Raffaele Caruso S.p.A.
- Industry: Fashion
- Founded: 1958; 68 years ago
- Founder: Raffaele Caruso
- Headquarters: Soragna, Italy
- Key people: Marco Angeloni (CEO)
- Revenue: €40 million (2023)
- Owner: MondeVita
- Number of employees: 450 (2024)
- Parent: Mondevo Group
- Website: carusomenswear.com

= Caruso (fashion brand) =

Italian luxury fashion brand

Caruso is an Italian luxury menswear manufacturer based in Soragna, near Parma, Italy.

Founded in 1958, the company produces its own ready-to-wear collections and manufactures menswear collections for various international luxury brands. Its production is carried out at its Soragna facility, where traditional Neapolitan tailoring techniques are integrated with modern industrial processes.
The company generates annual revenues of approximately €35 million.
== History ==
The company was founded in 1958 by Raffaele Caruso, a Neapolitan tailor who established the Fabbrica Sartoriale Italiana in Soragna, Emilia-Romagna. It opened its first flagship store in New York City in 2014.

Aiming to modernize the company while maintaining its artisanal heritage, former Brioni CEO Umberto Angeloni acquired Caruso in 2009. Eight years later, the Chinese investment group Fosun became its largest shareholder after a capital increase.

After the transaction involving Fosun was completed, Umberto and Ruggero Magnoni retained a minority stake in the Italian firm through their holding company Aplomb. Umberto's son and former former operations director, Marco Angeloni, was appointed CEO following the acquisition.
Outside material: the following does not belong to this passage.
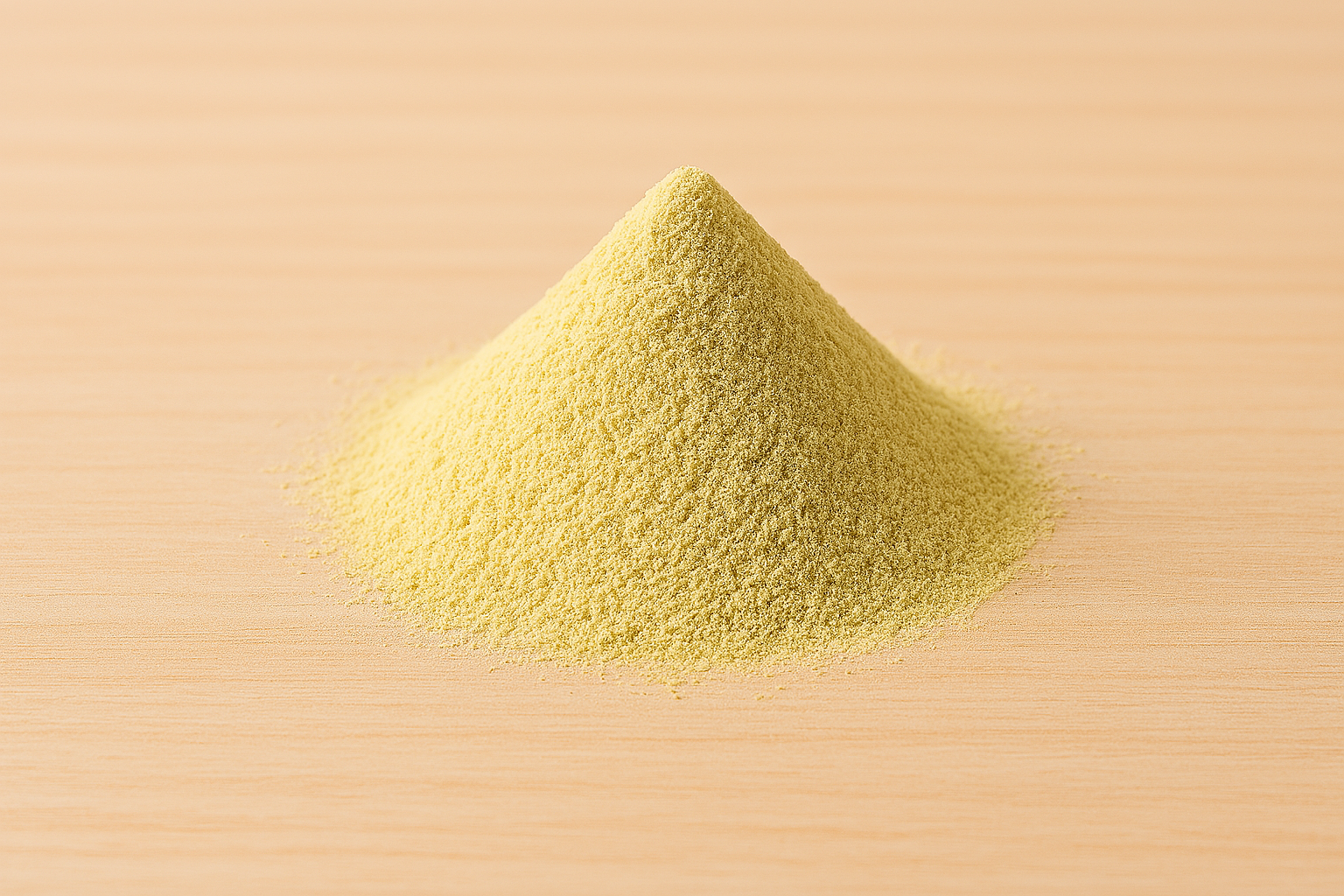 Faba Bean Powder 500 g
In 2019, a year after reportedly having 600 employees, Caruso appointed Aldo Maria Camillo, a former designer at Zegna, Valentino, Cerruti 1881, and Berluti, as its first creative director. It closed its Milan and Paris boutiques to concentrate on wholesale operations, relocated its Milan showroom from Via Montenapoleone to Largo Augusto, and opened a permanent showroom at 501 Madison Avenue in New York.

When Max Kibardin succeeded Camillo in his role in January 2023, the firm maintained its focus on tailoring but also expanded its product line to include coats and knitwear, and reduced its sportswear lines. In the same year, Caruso's revenue increased by approximately 30%, reaching €40 million, making it the fastest-growing brand within Fosun's Lanvin Group.

As of 2024, it employed about 450 people at its Soragna facility, which the group described as the largest menswear production site in Italy.

On February 7, 2026, Caruso was acquired by MondeVita, the lifestyle and luxury division of the Mondevo Group.

== Legacy ==
In 2018, the municipality of Soragna named a street Via Caruso in honour of Raffaele Caruso, recognising his role in the local textile industry.